General View of the Main Provision of the Order in Council
Let us get at once a clear view of the position. England by this Order has aimed a very vigorous blow at the heart of her enemy, but the Government of the United States has warned her that she may not do it, not from any humanitarian considerations, but because it would react to the detriment of neutral merchants. It points out that there are some principles of international law, some documents or declarations, which stand in our way. If this be really so, then international law sets the profit of the merchant above the life of nations. The theory of the United States appears to be that the conduct of war is to be governed by the interests of commerce, even if they touch those of the belligerents. The truer theory is, I believe, that commerce, in so far as it touches the interests of the belligerents, is entirely subordinated to the exigencies of war. If the view of the United States is right, then the documents and the declarations have been heedlessly signed and made, and the power of England upon the seas has been recklessly frittered away.

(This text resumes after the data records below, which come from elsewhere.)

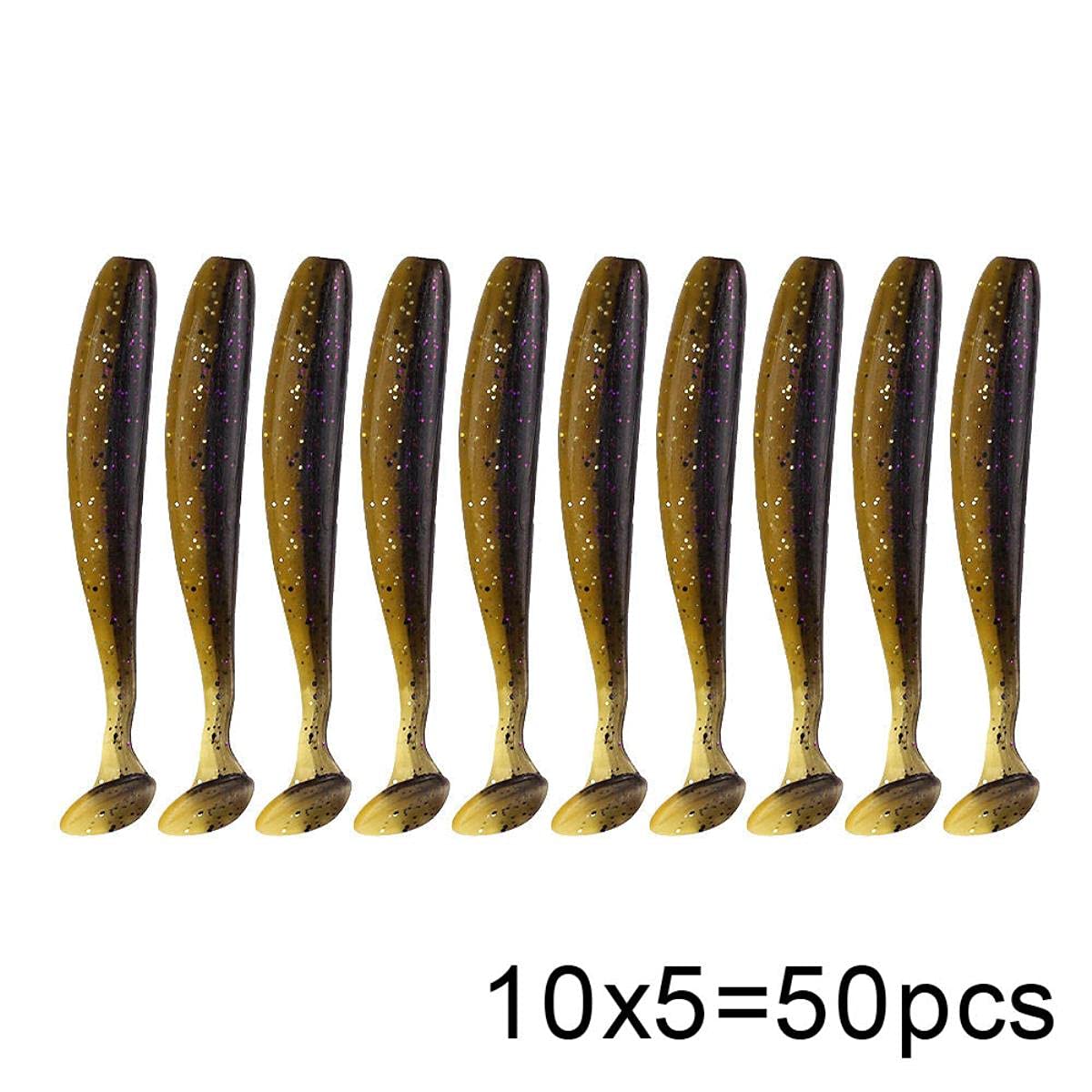 50 Pcs/Lot 7cm 10cm Leurre Doux Shad Wobbler Appât en Silicone Ver De Mer Streamer Silicone Leurre Spinnerbait Accessoires-50 pcs, Chine, 50 pcs 10 cm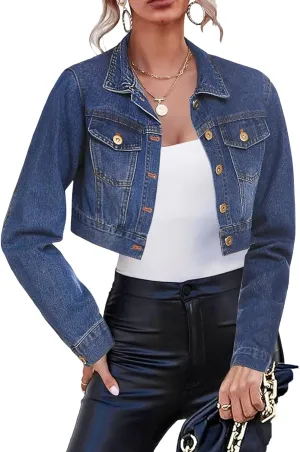 Cropped Jean Jacket for Women Long Sleeve Classic Casual Crop Top Denim Jackets Coat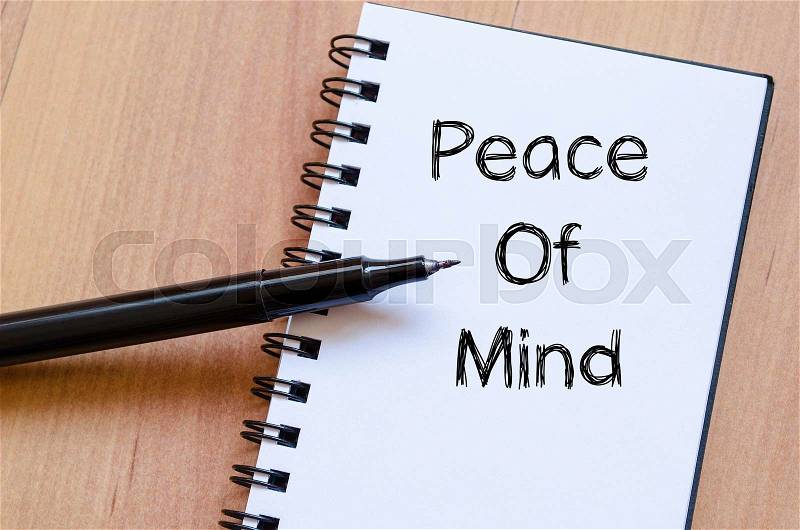 Peace of mind text concept write on notebook with pen, stock photo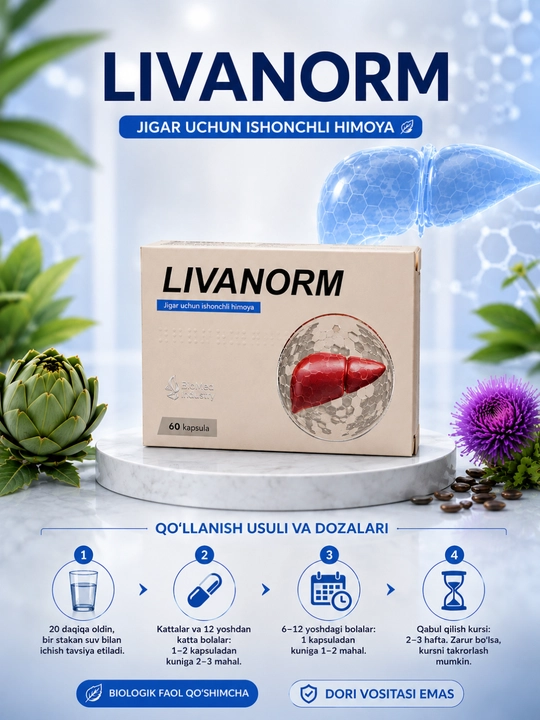 LIVANORM jigar uchun ishonchli himoya, 60 kapsula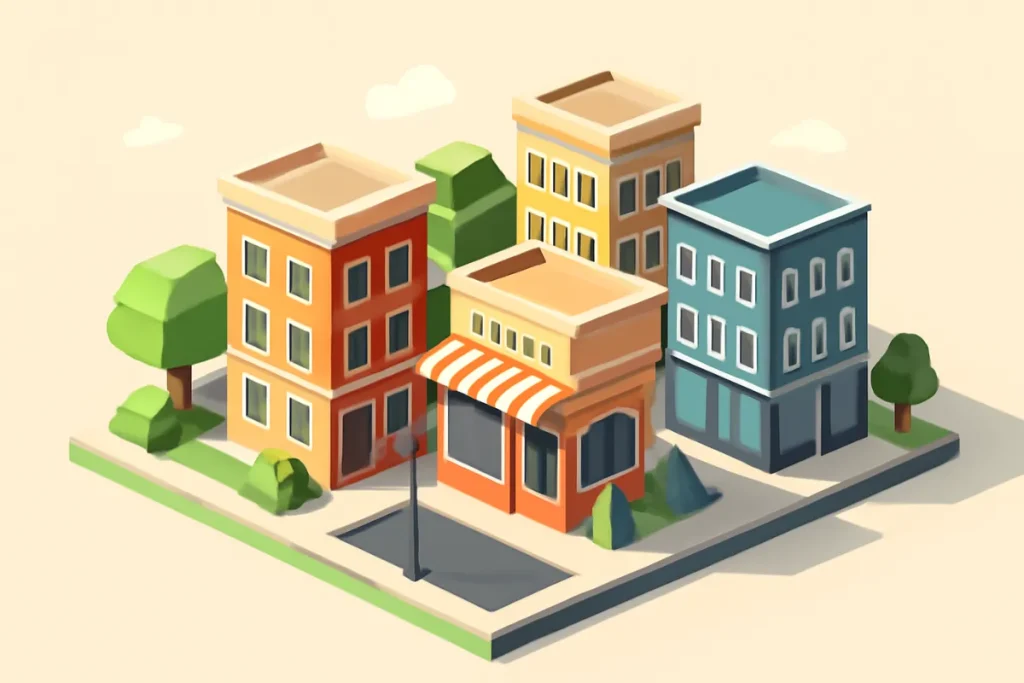 A 3D-rendered isometric illustration depicting a futuristic city with geometric structures in a grid layout.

I have endeavoured in the first article to get into sharper relief than popular notions give to it the position in which the neutral merchant stands to a belligerent and to his own Government, and also to recall the real meaning of neutrality. The Order in Council had at that time been issued, but the American Protest had not been delivered. I intimated, however, that it seemed probable that a close examination of fundamental principles would show that the Order was abundantly justified by them. The publication of the Protest confirms me in that view.

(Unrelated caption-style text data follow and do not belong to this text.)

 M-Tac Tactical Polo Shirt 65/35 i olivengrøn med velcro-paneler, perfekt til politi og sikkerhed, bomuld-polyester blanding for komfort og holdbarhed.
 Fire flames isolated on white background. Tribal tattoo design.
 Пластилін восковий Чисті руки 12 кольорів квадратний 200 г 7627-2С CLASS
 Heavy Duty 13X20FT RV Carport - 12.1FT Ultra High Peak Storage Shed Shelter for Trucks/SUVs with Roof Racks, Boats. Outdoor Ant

And, first, I venture to contest the main doctrines on which the criticism of the Order rests.[32] I deny that a belligerent nation has been conceded ‘the right of visit and search, and the right of capture and condemnation’ of neutral ships engaged in unneutral service or carrying contraband for the enemy. I deny that a belligerent nation has been conceded ‘the right to establish and maintain a blockade of an enemy’s ports and coasts and to capture and condemn any vessel taken in trying to break the blockade.’ On the contrary, I assert that these are belligerent rights which may be asserted and exercised against the neutral merchant whose vessels are engaged in rendering those services to the enemy: that consequently ‘a nation’s sovereignty over its own ships and citizens under its own flag on the high seas’ does suffer ‘diminution in times of war’ to the full extent to which a belligerent exercises those rights: and that to this extent ‘the equality of sovereignty on the high seas’ finds no place in war. And I further contend that the proposition, to the establishment of which all the argument of the Protest tends—that ‘innocent shipments may be freely transported to and from the United States through neutral countries to belligerents’ territory’ without risk of seizure and confiscation—is not true when one of the belligerent Governments has declared its intention of stopping all shipments, and has taken effective steps to enforce that intention. If the proposition were true in these circumstances the Order in Council would be a breach of international law.